Effects of agriculture, renewable energy, and economic growth on carbon dioxide emissions: Evidence of the environmental Kuznets curve

Journal: Resources, Conservation and Recycling, September 2020, Vol. 160, Q1
Author(s): Nur Hilfa Awatif Mohamad Ridzuan, Nur Fakhzan Marwan, Norlin Khalid, Mohd Helmi Ali, Ming-Lang Tseng,
Link: doi.org/10.1016/j.resconrec.2020.104879

Abstract

This study contributes to (1) discovering that carbon dioxide (CO2) emissions are not directly influenced by modernisation; (2) attaining sustainable agriculture by incorporating renewable energy into the agriculture sector as an effective CO2 emissions mitigation measure; and (3) applying the environmental Kuznets curve (EKC) to test the relationships among attributes in Malaysia. Prior studies have not addressed the associations between the release of CO2 and economic development, renewable energy, urbanisation, and agriculture in Malaysia. Hence, the objective of the study is to investigate the relationships of the emissions of CO2 and economic development, renewable energy, urbanisation, and agricultural subsectors, such as crops, livestock, and fisheries, in Malaysia for the period 1978 to 2016. By the utilisation of the autoregressive distributed lag test for cointegration, CO2 emissions significantly increased due to economic growth and urbanisation but insignificantly increased due to livestock in the long term.
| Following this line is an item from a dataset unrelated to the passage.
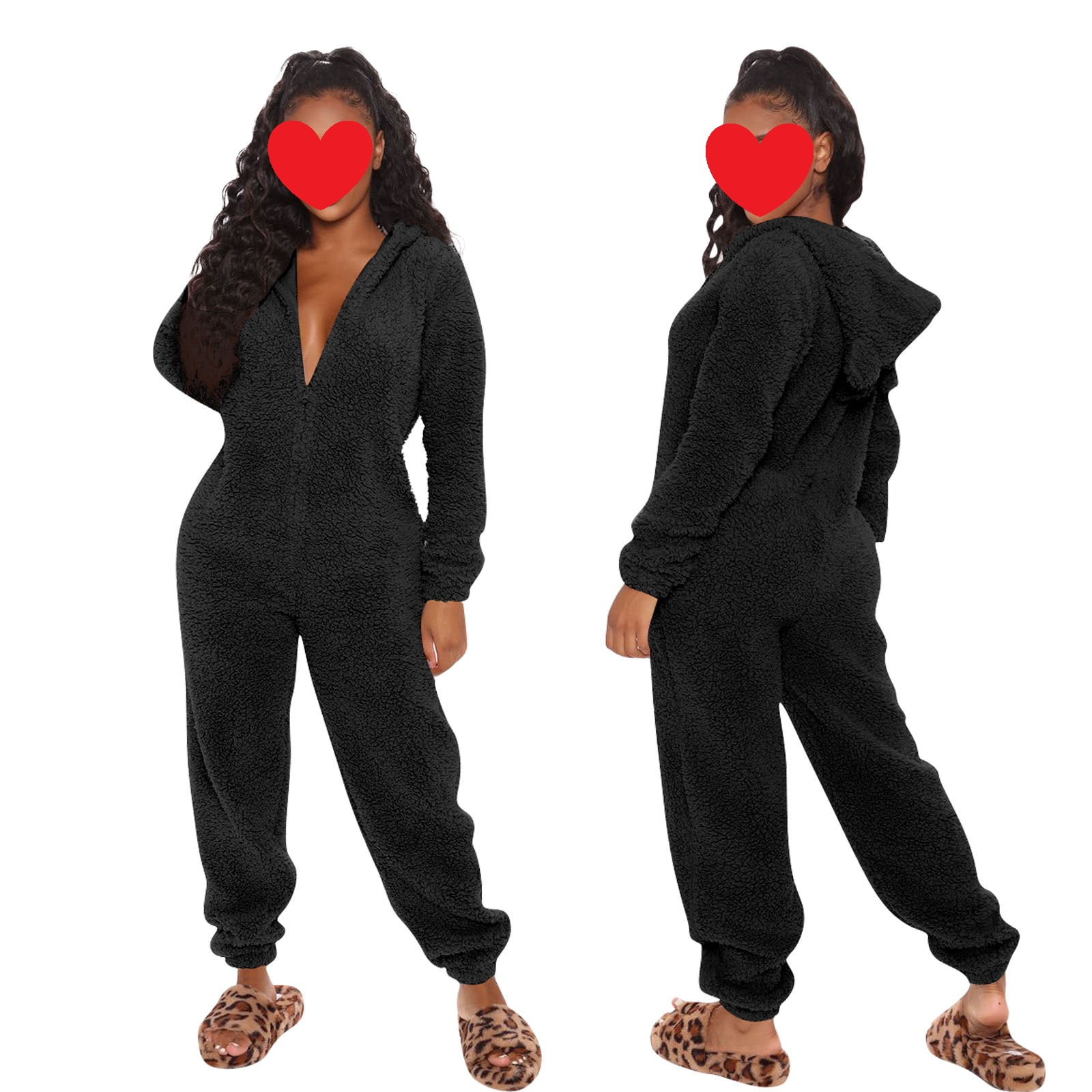 LADIES WOMENS ALL IN ONE 1ONESIE ONE PIECE HOODED PLAIN JUMPSUIT S/M M/L XL XXL 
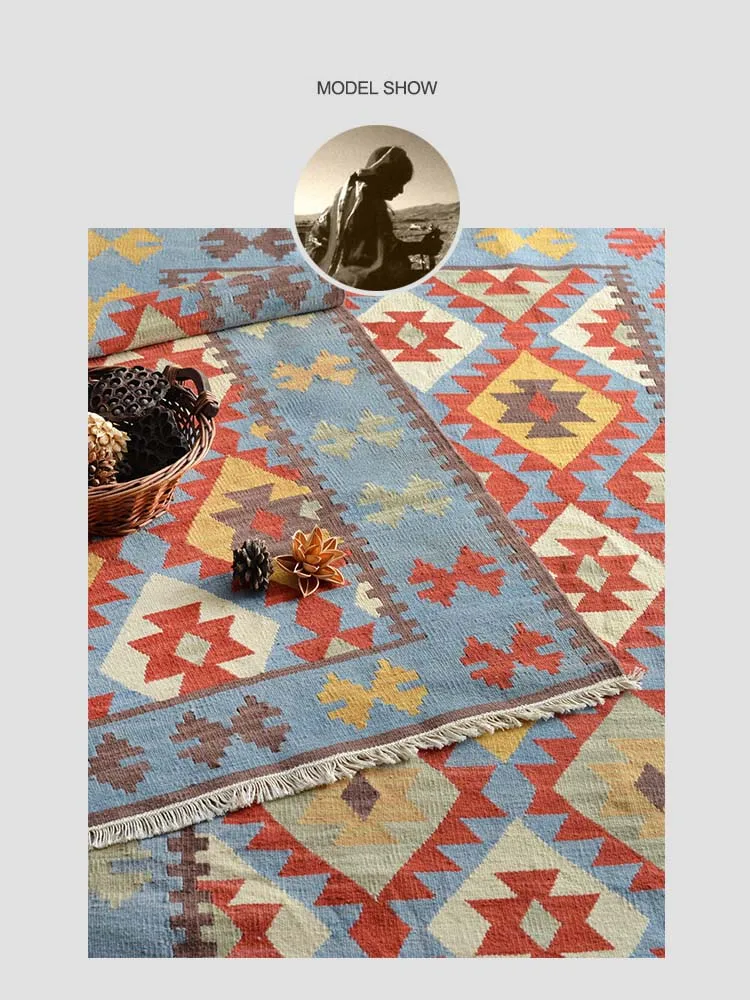 Flash Deal Kilim 100% wool handmade Carpet geometric Indian Rug plaid striped Modern contemporary tapestry mat design Bohemian Nordic style 11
Crops, fisheries, and renewable energy significantly reduced emissions in this period. Moreover, this study reveals that the association between emissions of CO2 and economic development is an inverted U. This finding indicates that CO2 emissions eventually decrease despite the increase in CO2 emissions and economic development in the long term upon reaching a specific level of growth. These findings are consistent for Malaysia in terms of the EKC hypothesis.